FDA issuing a proposal guidance to ease restrictions on blood donations for gay and bisexual men
LAWTON, Okla. (KSWO) - The FDA’s current policy was last updated in 2020. It states gay and bisexual men can donate blood if they haven’t had sexual contact with other men for at least three months.
These types of restrictions have been rewritten only twice since they were implemented during the 1980s AIDs crisis. The proposed policy would eliminate time-based restrictions and instead ask questions that assess HIV risk regardless of gender or sexual orientation.
The founders of Rural Oklahoma Pride said they hope the restrictions will be lifted.
“They thought that HIV was just in the homosexual community. But I mean it goes far beyond the homosexual community, it goes to different races, and different genders it’s not just in one community and to isolate us restricts much-needed blood,” Bryan said.
Blood banks currently screen every blood donation, for things like HIV, syphilis, and hepatitis, and activists say screening donors themselves should focus more on risk and habits and less on sexual orientation.
“I think we need regulations for blood, but that’s what we do all those tests for on the blood, we are testing the blood from the time it’s collected before it ever reached the recipient the donors are tested. They definitely don’t isolate and say if you are doing drugs, which many people do and they don’t restrict drug users. IV drug users would be a high risk for HIV,” Bryan said.
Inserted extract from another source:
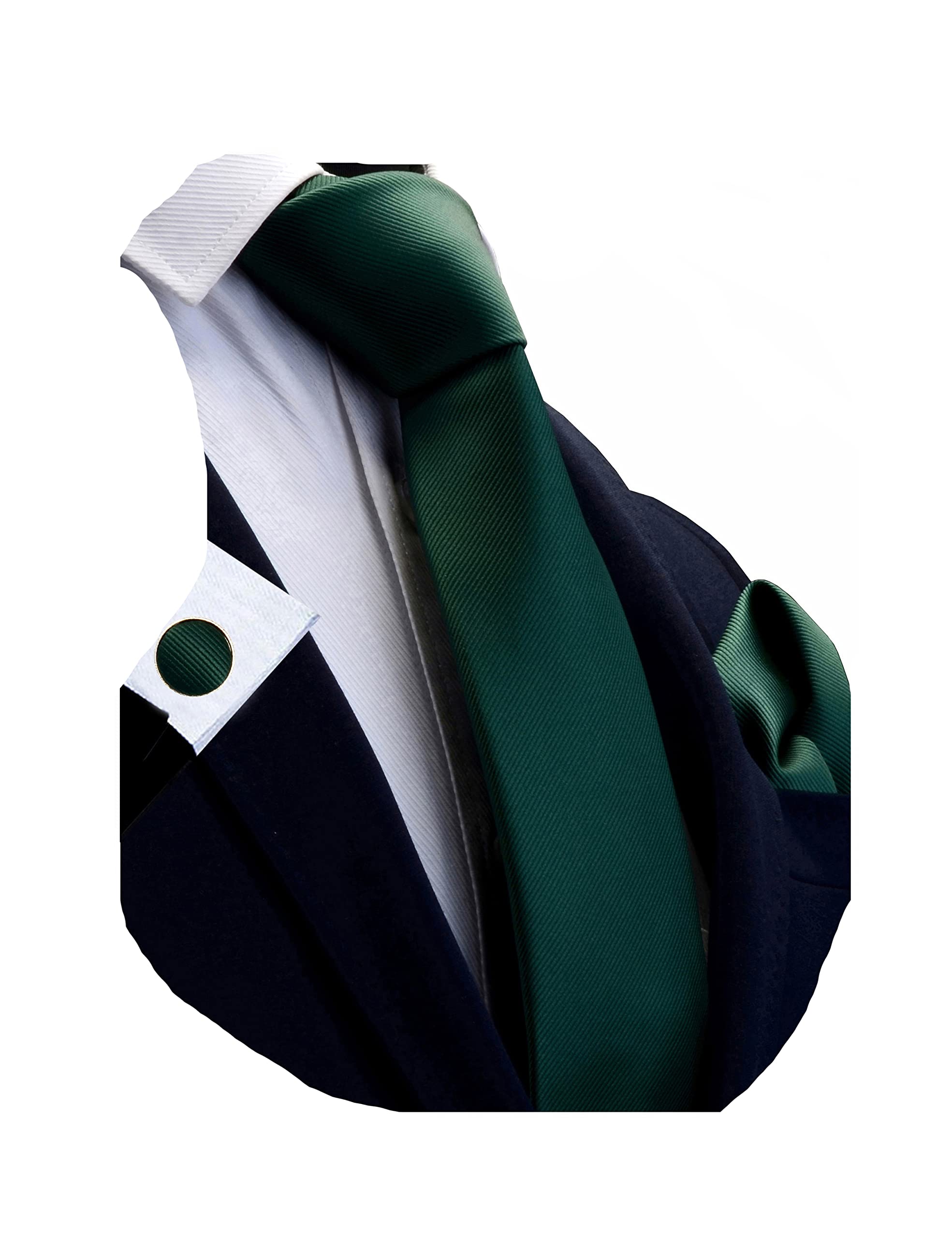 Gusleson Brand Solid Dark Green Wedding Ties For Men Neckties and Pocket Square Cufflinks Sets(UK0789-02)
A big factor in the restrictions has always been a need for blood. The policy was revised during a massive blood shortage during COVID, and families like the Poudriers know all too well how a donation can save a life.
Their son Theodore was born with meconium aspiration and needed surgery a couple of days after birth.
“We find out a little bit late that, everything was successful and thanks to the blood donors that have provided blood for babies, children, and anyone in need. So he was still in the hospital for about a month then we got to bring him home, and now we just celebrated his one-year birthday,” Poudrier said.
Jason said after his son’s experience he started thinking about the last time he gave blood and decided to become a donor to give back and help save other lives.
“And I think of him and I also think of when we were up there and the NICU it was full of other babies,” Poudrier said.
Bryan is also a registered nurse and said when someone is in dire need of blood they are not asking where it came from.
“I never heard a patient look up at me and say, oh are they a gay person’s blood, was this a black, white, Hispanic, person’s blood. Because last time I looked at the blood upon appearance it was still red, it didn’t quite turn out any other color,” Bryan said.
Anyone taking medication to treat or prevent HIV including PreEp would not be eligible.
The change is expected to take effect after a public comment period.